The UK automaker is keeping the art of coachbuilding alive.
Coachbuilding is the art of taking a pre-assembled vehicle chassis and constructing a custom body to sit on top of it. Aside from a few small companies like Carrozzeria Touring Superleggera, coachbuilding is virtually nonexistent in the modern era because new cars no longer ride on a separate chassis, making it much more difficult to change the body without interfering with structural points. A few major automakers like Rolls-Royce keep the art alive with fabulous one-off creations like the $13 million Sweptail from 2017.
"The ability to personalize almost every aspect of their motor car is one of the main reasons our patrons come to us. But we know some wish to go further still," said Rolls-Royce CEO Torsten Muller-Otvos. "In 2017, we stunned the world with our first fully coachbuilt motor car of the modern era, the spectacular Rolls-Royce Sweptail. This was, by definition, an entirely unique commission; but in our minds, it was the start of a journey."
After taking four years to develop the Sweptail, a rakish two-door coupe based on the Rolls-Royce Phantom, the feedback on the final design was mixed at best. The car's large panoramic glass and 1920s-1930s design are unmistakably unique, but not everyone fell unanimously in love with the rear styling. Rolls-Royce has not officially announced any new one-off projects, but the UK automaker reportedly had several clients call to express their interest after the Sweptail was revealed four years ago. It looks like Rolls-Royce may not leave those requests unanswered for long.

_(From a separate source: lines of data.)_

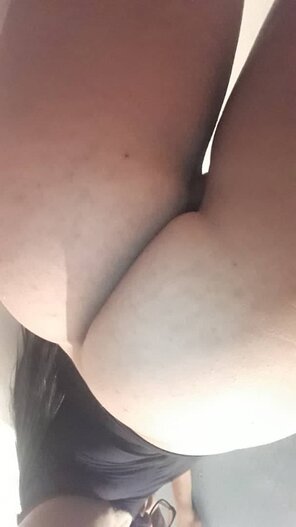 foto amateur you like my tits ?? want to see more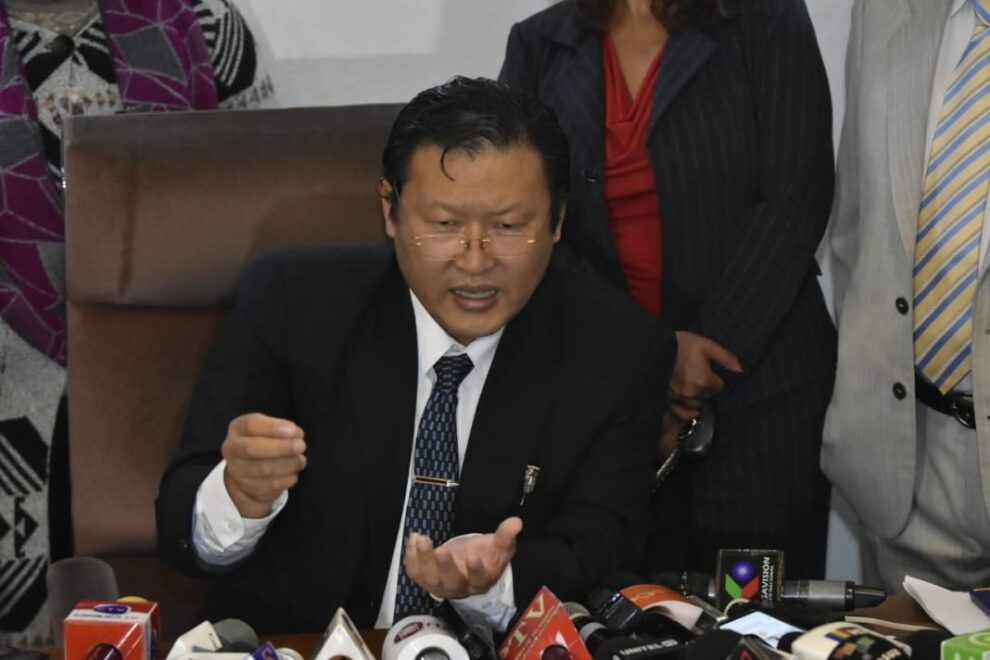Chi Hyun Chung dice que el plan de gobierno es responsabilidad de la sigla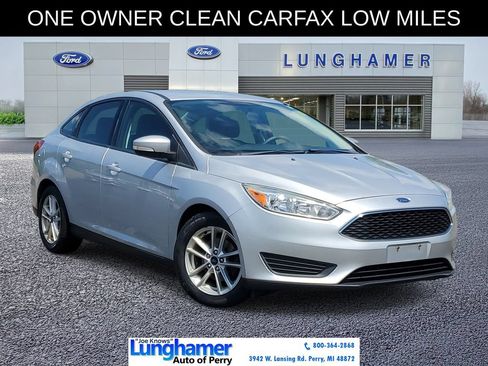 Used 2016 Ford Focus SE FWD image 1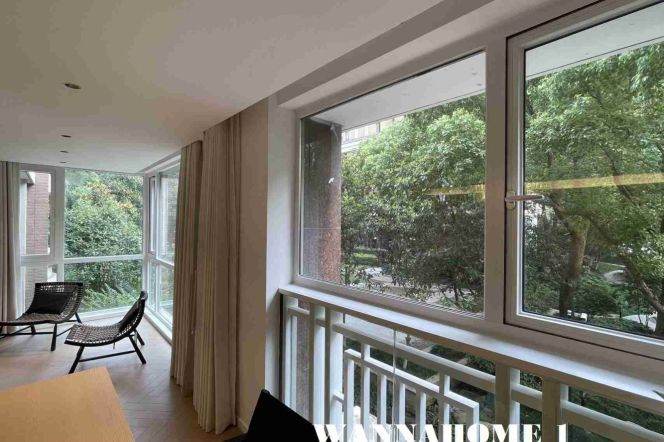Modern 4BR Apartment in Gubei with Green View (L10/L15)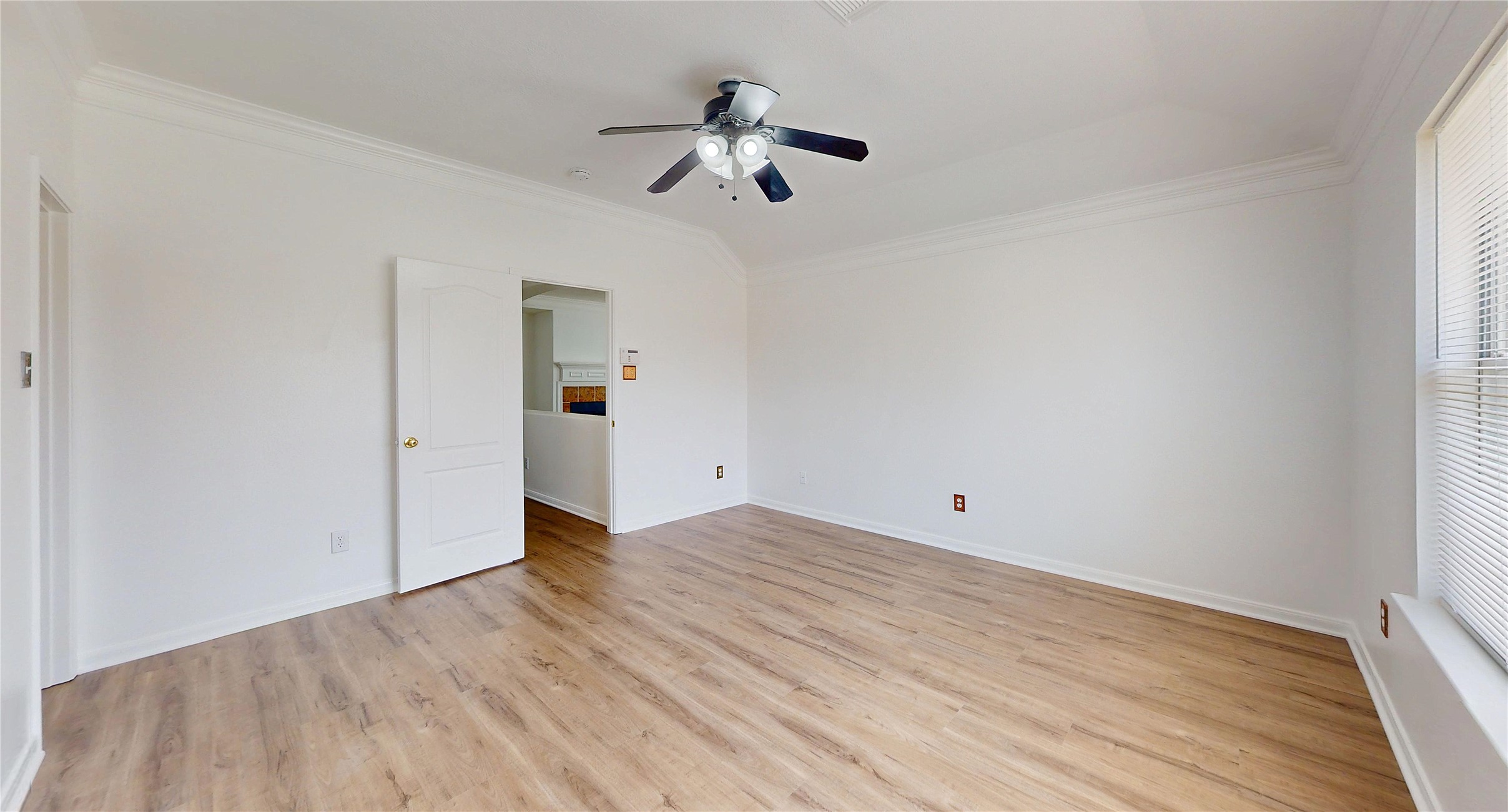 9324 Royal Way Property Photo 17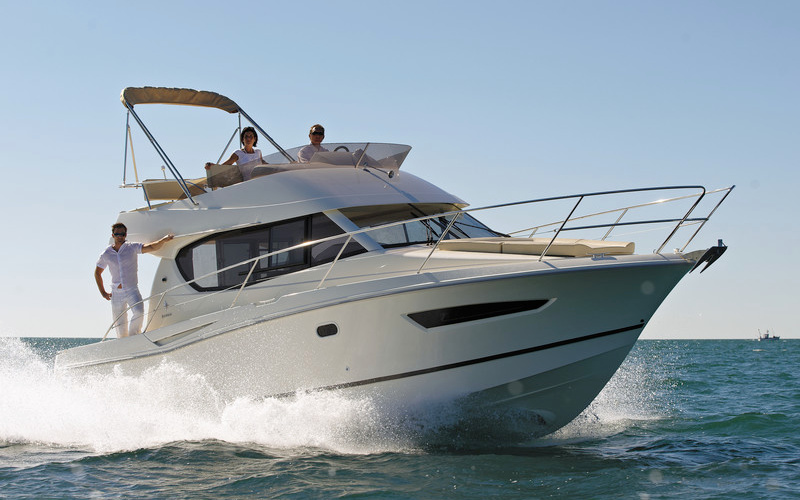 Jeanneau Merry Fisher 10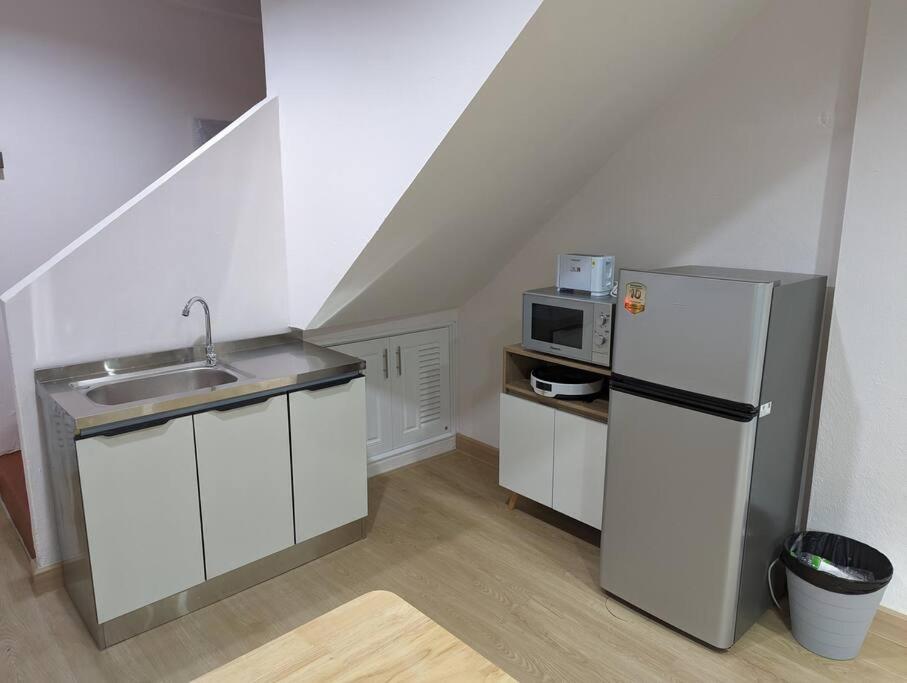Cloud9 Hometel - Entire House 3br 170m To Bts Private Quiet & Comfy *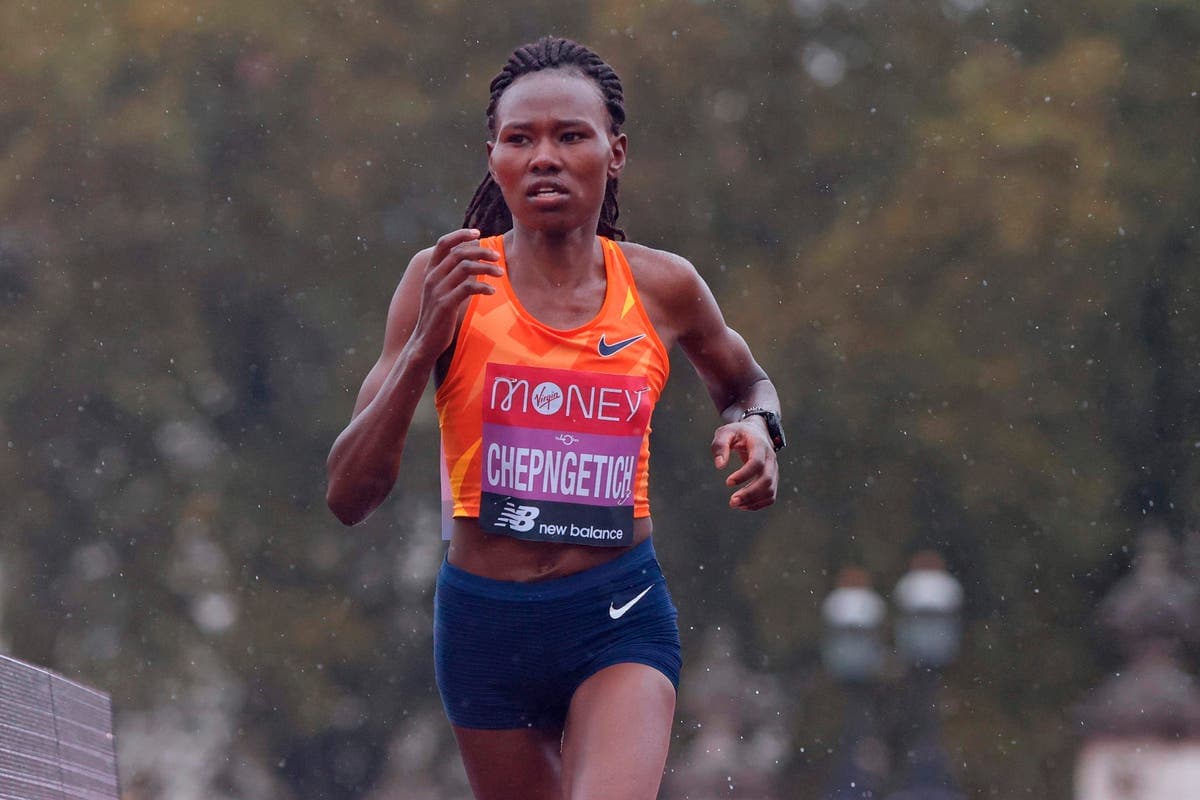 Myre Tidlig Natura World Champion Ruth Chepngetich leads the women's line-up at the Chicago  Marathon | Watch Athletics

"We have formally re-established our Coachbuild department for those patrons who wish to go beyond the existing restraints, and explore the almost limitless possibilities this opens up for them. We are able to offer our customers the opportunity to create a motor car in which every single element is hand-built to their precise individual requirements, as befits our status as a true luxury house," said Muller-Otvos.
We would love to see Rolls-Royce go beyond its already extensive Bespoke offerings, which include more than 44,000 paint colors among other unique options. Rolls-Royce has crafted some incredible coachbuilt creations over the years, a few of which are pictured here.

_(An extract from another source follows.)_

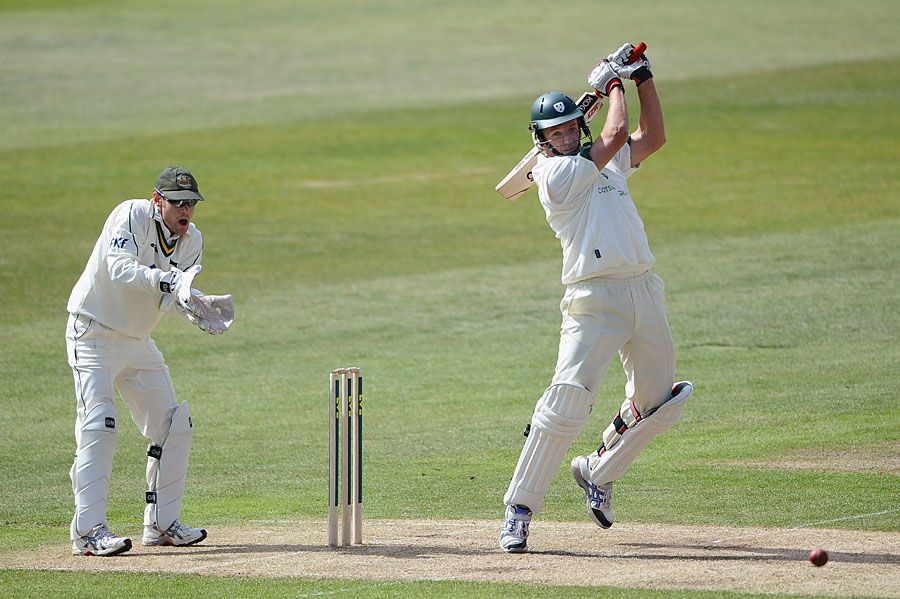 Damien Wright boosted Worcestershire with a brisk 65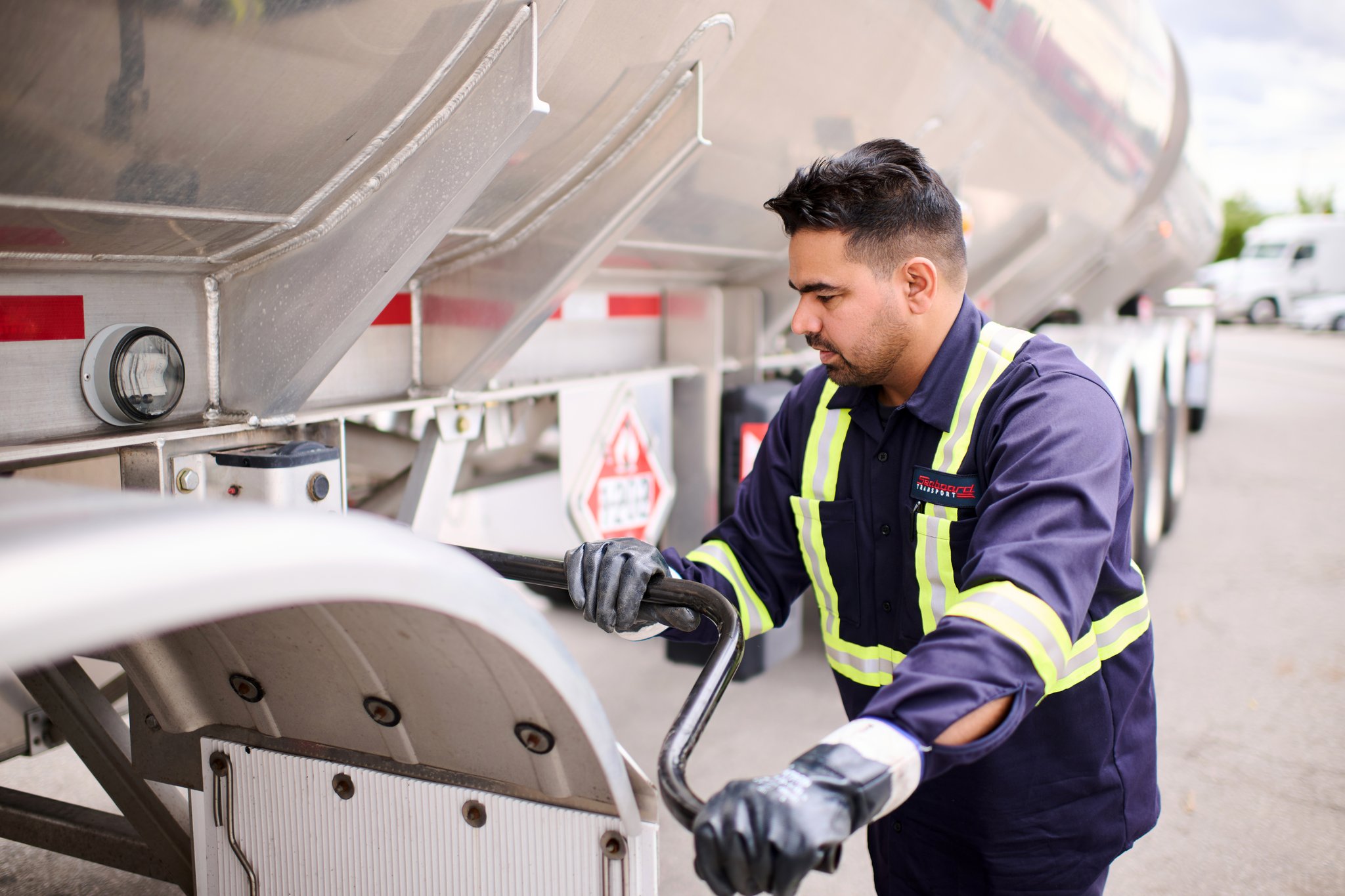 The following is a case study about an industrial transportation photography project we completed for seaboard transport group of companies, a transportation and logistics company with a specialization in the transport of hazardous materials, including bulk petroleum and chemicals. The purpose of the project was to capture images of their drivers, mechanics, and office team working on site at their toronto location.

The 1926 40/50HP Phantom I Brougham De Ville (nicknamed The Phantom Of Love) was built by Charles Clark & Son Ltd of Wolverhampton for Clarence Warren Gasque, an American businessman who commissioned the car for his heiress wife, Maude.

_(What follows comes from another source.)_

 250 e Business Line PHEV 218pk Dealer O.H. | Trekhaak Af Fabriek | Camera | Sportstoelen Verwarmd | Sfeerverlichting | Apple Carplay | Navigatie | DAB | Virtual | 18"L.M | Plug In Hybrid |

Some other examples include the 1928 17EX (pictured below in blue), an experimental convertible based on the Phantom, 1934 Phantom II Continental Drophead Coupe, a boattail coupe designed by A F McNeil and built by Gurney Nutting & Co, and the 1972 Phantom VI limousine, the final Rolls-Royce to use a separate chassis. The example pictured above was built by H.J. Mulliner, Park Ward Ltd, with special features to show off the car's amazing capabilities to prospective customers. It includes a television system, refrigerator, flower vases, and tables with stools that could clip onto the front end.